The author also makes some incorrect or misleading claims, specifically about emacs. I acknowledge there's a high bar for entry there and don't personally like emacs, but it's not modal, and it does have the ability to display images and markdown previews.

I know several world class programmers, and interestingly, the commonality among them is that they all seem to use Vim as their code editor. Many people I know who think of themselves as world class programmers use Emacs.

What a burn!

Rust's 1.0 release (i.e. the date on which the language received any sort of stability guarantee) was in 2015, and this article was written in 2019. Measuring the pace of feature development of a four-year-old language by its release notes, and comparing against a 50-year-old language by counting bullet points in Wikipedia articles, is absolutely ridiculous.
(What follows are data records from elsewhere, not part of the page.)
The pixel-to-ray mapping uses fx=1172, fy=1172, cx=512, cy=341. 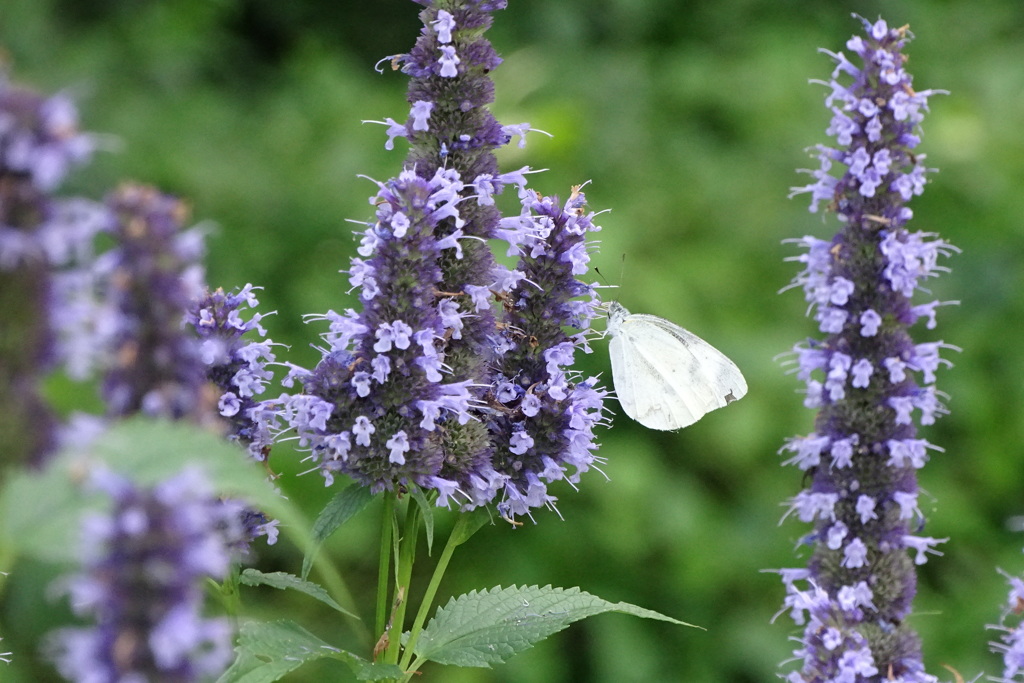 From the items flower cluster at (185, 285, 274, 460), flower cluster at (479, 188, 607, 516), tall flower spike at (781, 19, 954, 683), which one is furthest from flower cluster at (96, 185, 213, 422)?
tall flower spike at (781, 19, 954, 683)

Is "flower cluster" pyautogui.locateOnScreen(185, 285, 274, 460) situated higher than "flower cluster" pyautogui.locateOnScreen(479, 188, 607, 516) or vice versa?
"flower cluster" pyautogui.locateOnScreen(479, 188, 607, 516)

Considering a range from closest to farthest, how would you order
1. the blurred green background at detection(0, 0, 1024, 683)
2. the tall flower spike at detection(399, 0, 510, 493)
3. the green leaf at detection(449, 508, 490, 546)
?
1. the tall flower spike at detection(399, 0, 510, 493)
2. the green leaf at detection(449, 508, 490, 546)
3. the blurred green background at detection(0, 0, 1024, 683)

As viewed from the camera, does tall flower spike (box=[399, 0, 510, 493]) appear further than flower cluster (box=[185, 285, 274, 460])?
Answer: Yes

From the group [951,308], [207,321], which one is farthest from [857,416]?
[951,308]

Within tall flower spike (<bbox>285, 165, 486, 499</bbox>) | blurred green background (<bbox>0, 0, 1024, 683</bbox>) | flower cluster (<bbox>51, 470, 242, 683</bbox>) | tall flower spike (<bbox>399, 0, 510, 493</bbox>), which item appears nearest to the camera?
flower cluster (<bbox>51, 470, 242, 683</bbox>)

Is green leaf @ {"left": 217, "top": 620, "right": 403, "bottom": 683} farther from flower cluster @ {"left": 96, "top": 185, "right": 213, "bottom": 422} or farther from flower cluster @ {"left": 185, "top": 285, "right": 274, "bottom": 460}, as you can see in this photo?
flower cluster @ {"left": 96, "top": 185, "right": 213, "bottom": 422}

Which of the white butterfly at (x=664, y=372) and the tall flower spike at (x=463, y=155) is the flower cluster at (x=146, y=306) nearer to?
the tall flower spike at (x=463, y=155) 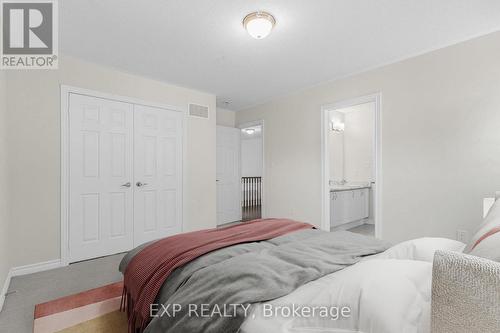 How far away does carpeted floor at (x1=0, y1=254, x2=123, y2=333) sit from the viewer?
6.25ft

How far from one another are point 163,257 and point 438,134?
322 centimetres

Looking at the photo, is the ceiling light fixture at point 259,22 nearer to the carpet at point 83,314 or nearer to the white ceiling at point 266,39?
the white ceiling at point 266,39

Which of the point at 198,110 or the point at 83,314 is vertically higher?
the point at 198,110

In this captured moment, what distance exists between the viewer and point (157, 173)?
12.8ft

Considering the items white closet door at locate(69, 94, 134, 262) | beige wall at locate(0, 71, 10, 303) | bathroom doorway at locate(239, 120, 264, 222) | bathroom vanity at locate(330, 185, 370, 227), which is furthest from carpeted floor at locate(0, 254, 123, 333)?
bathroom doorway at locate(239, 120, 264, 222)

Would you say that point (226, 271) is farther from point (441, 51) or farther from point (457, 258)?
point (441, 51)

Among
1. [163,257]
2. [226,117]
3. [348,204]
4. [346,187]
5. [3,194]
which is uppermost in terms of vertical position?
[226,117]

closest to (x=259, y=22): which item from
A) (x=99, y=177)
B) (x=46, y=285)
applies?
(x=99, y=177)

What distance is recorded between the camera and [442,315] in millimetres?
575

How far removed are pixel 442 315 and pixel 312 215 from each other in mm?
3730

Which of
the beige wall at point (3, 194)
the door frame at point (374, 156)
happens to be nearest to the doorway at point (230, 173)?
the door frame at point (374, 156)

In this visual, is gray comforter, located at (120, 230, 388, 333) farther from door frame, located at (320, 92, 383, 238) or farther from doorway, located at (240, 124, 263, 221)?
doorway, located at (240, 124, 263, 221)

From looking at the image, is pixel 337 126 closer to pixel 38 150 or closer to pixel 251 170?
pixel 251 170

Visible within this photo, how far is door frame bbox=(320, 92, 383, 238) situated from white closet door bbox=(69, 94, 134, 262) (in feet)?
9.91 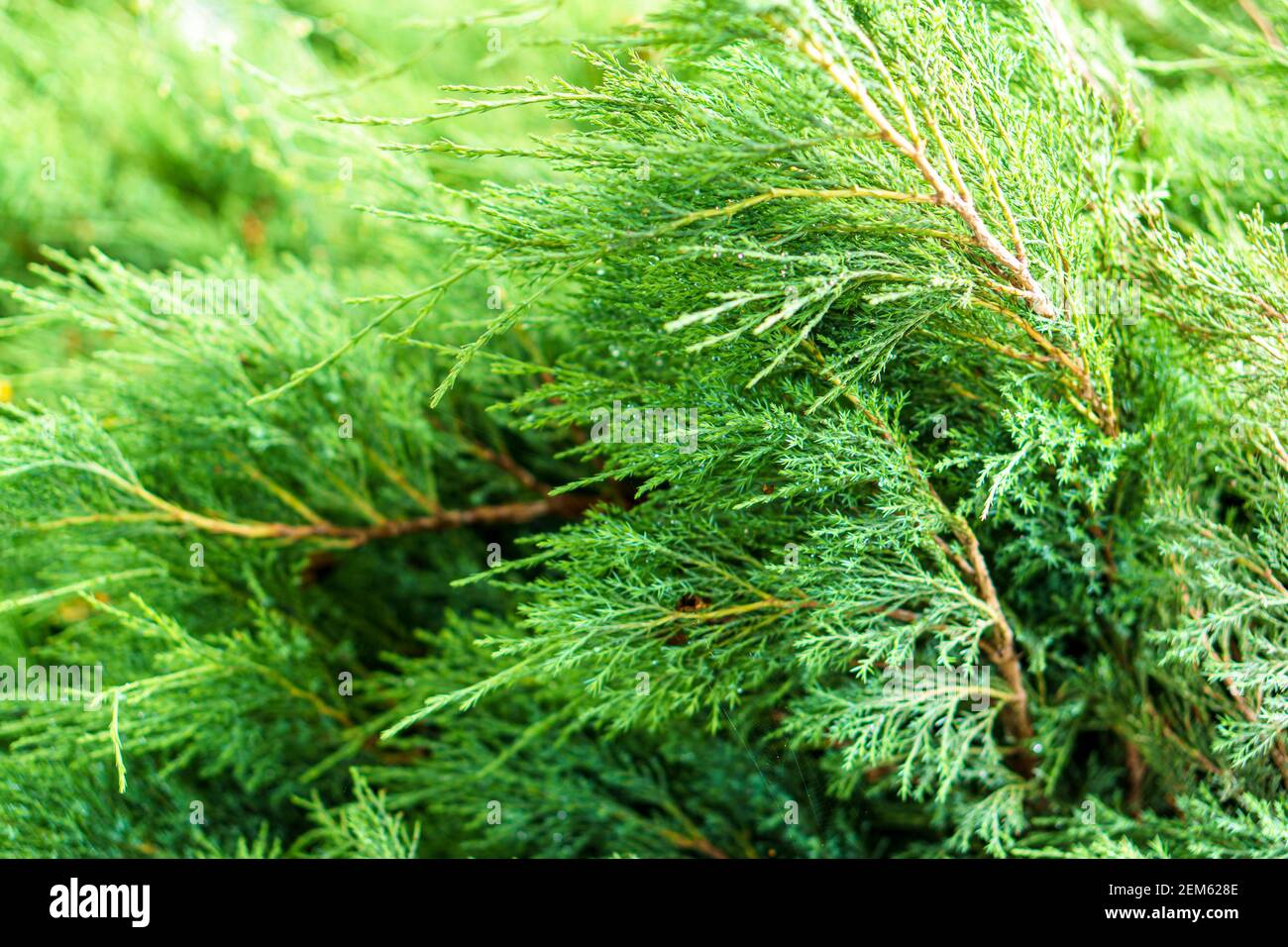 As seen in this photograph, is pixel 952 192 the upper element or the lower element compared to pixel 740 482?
upper

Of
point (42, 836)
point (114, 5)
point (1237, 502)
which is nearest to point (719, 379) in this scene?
point (1237, 502)

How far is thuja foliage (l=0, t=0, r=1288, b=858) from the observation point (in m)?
1.00

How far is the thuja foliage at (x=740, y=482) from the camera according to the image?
39.5 inches

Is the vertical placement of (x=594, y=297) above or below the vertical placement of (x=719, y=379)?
above

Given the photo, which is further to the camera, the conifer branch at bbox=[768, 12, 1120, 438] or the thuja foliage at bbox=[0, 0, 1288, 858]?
the thuja foliage at bbox=[0, 0, 1288, 858]

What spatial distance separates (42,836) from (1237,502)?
184 cm

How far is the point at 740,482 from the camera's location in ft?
3.56

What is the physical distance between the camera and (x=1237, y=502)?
1466 mm

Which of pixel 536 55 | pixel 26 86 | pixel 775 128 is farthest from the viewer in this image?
pixel 26 86

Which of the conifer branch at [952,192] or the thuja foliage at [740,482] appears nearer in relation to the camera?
the conifer branch at [952,192]

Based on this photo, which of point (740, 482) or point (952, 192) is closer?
point (952, 192)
Yes, younger languages adopt features more quickly, and Rust was stabilized in a "minimal viable product" state, with many planned features not yet ready for stabilization. So of course the pace of new features in Rust is high compared to older languages. But Wikipedia articles are in no way comparable to release notes as a measure of feature adoption.
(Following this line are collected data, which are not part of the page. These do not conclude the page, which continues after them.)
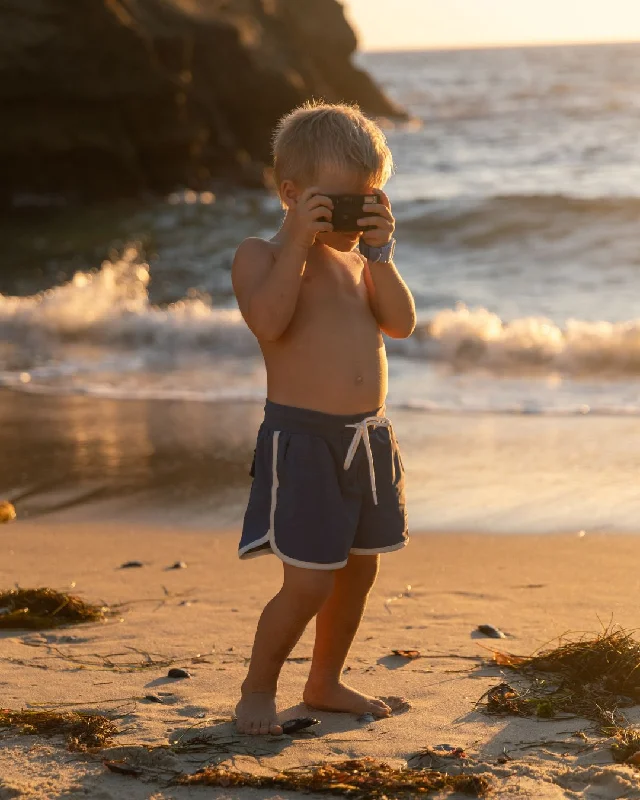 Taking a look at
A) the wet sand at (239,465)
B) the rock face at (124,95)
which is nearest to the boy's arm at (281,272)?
the wet sand at (239,465)

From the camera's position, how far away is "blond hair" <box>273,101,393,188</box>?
281 cm

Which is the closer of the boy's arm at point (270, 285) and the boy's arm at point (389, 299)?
the boy's arm at point (270, 285)

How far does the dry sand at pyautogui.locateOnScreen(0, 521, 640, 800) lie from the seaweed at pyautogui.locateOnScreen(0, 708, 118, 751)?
0.12 ft

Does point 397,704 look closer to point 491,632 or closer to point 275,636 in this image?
point 275,636

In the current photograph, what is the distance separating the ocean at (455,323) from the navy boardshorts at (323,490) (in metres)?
2.01

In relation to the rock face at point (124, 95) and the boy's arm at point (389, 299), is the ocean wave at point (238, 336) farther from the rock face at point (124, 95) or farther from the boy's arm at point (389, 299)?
the rock face at point (124, 95)

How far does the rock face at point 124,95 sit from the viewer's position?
2022 centimetres

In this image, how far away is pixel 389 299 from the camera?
3000 millimetres

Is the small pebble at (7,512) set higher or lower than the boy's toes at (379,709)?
higher

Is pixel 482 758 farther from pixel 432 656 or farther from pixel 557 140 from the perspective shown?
pixel 557 140

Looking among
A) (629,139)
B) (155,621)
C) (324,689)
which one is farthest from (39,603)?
(629,139)

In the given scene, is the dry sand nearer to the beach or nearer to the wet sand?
the beach

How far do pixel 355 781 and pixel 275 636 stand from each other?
49 cm

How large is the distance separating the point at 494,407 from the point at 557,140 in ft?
78.1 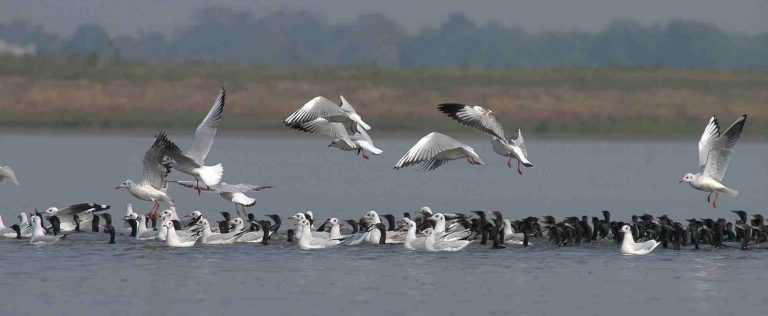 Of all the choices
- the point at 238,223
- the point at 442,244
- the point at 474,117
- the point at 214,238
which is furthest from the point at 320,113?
the point at 442,244

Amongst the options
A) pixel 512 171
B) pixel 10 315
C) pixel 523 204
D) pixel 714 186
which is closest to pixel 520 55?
pixel 512 171

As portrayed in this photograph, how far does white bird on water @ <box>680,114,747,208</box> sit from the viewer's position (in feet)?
86.0

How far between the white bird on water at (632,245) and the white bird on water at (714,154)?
1.88 meters

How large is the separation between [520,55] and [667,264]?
69.5m

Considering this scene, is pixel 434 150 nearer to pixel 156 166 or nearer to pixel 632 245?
pixel 632 245

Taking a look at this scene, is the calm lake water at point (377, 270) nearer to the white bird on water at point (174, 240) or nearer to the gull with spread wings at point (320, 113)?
the white bird on water at point (174, 240)

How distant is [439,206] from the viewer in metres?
34.8

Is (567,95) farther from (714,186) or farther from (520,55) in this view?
(714,186)

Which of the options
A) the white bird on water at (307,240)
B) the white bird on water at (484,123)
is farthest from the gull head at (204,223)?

I think C is faster, more powerful, and more elegant.

"More elegant" is a matter of opinion. But "faster" and "more powerful" should be measurable in some way. I'm not aware of any evidence that C is "faster" than Rust, and in fact this would be extremely surprising since they can both be optimized with LLVM, and several of the features Rust has that C doesn't, such as generics and ubiquitous strict aliasing, tend to improve performance.
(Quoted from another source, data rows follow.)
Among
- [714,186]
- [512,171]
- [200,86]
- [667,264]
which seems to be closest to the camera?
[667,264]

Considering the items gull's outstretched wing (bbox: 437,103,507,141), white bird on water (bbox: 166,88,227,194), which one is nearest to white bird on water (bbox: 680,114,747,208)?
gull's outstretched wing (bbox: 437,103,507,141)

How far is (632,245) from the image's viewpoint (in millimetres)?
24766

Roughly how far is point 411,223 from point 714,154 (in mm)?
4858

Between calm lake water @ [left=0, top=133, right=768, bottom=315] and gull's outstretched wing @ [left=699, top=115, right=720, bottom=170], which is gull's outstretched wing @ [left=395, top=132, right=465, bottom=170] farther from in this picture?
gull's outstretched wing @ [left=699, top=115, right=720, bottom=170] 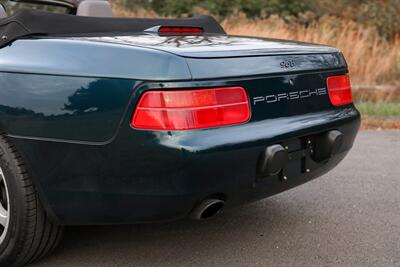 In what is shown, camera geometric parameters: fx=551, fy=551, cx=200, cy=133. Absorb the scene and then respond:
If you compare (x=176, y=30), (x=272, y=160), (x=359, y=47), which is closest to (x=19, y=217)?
(x=272, y=160)

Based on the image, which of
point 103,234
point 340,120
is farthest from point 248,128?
point 103,234

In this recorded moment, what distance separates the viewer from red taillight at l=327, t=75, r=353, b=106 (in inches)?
125

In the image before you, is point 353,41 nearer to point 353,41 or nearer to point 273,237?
point 353,41

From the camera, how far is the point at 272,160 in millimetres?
2631

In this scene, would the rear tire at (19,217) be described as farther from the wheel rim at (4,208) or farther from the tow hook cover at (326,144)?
the tow hook cover at (326,144)

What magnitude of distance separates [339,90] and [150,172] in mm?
1398

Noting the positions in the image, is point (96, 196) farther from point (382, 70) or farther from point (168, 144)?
point (382, 70)

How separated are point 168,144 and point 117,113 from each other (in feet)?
0.91

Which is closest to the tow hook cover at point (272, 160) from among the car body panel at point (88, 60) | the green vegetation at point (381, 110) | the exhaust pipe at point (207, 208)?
the exhaust pipe at point (207, 208)

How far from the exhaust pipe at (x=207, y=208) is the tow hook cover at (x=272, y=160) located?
0.83 ft

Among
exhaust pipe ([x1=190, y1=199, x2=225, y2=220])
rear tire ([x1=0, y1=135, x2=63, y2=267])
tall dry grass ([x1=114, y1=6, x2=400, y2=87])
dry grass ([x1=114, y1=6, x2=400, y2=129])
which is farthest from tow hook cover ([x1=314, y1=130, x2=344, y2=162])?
tall dry grass ([x1=114, y1=6, x2=400, y2=87])

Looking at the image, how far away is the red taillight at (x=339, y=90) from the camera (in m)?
3.19

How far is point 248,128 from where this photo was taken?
2600 mm

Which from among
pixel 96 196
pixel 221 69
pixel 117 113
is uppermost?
pixel 221 69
"Powerful" can mean many things, but the most useful meaning I've encountered is essentially "flexibility of application" : that is, a more powerful language can be used in more niches, such as obscure embedded hardware platforms. It's really hard to compete with C in this regard, but that's largely a matter of momentum and historical lock-in: hardware vendors support C because it's currently the lowest common denominator for all hardware and software. There's nothing about Rust the language that makes it inappropriate for hardware vendors to support at a low level. Additionally, GCC is probably the toolchain with the broadest hardware support (even hardware vendors that use a bespoke compiler often do so by forking GCC), and Rust currently has two projects (mrustc and gccrs) working to provide a way to use GCC with Rust. So even the advantage C has in terms of hardware support is narrowing.

But note that there are also niches for which C is widely considered less appropriate than Rust! The most obvious example is probably use in a front-end web application. Yes, C should in theory be usable on the front-end using emscripten, but Rust has had decent support for compiling to WebAssembly almost as long as it's been stabilized.

The programming languages you use, and the variety of languages you learn, deeply influence how you think about software design.

Software would be much more reliable (in general) if Erlang had become one of the dominant languages for development.

Go sacrifices too much for superficial simplicity; but I would like to see a language that's nearly as easy to learn, but has a better type system and fewer footguns.

Unit testing is often overrated. It is not good for discovering or protecting against most bugs.

Build/test/deploy infrastructure is a genuinely hard problem that needs better tooling, particularly for testability.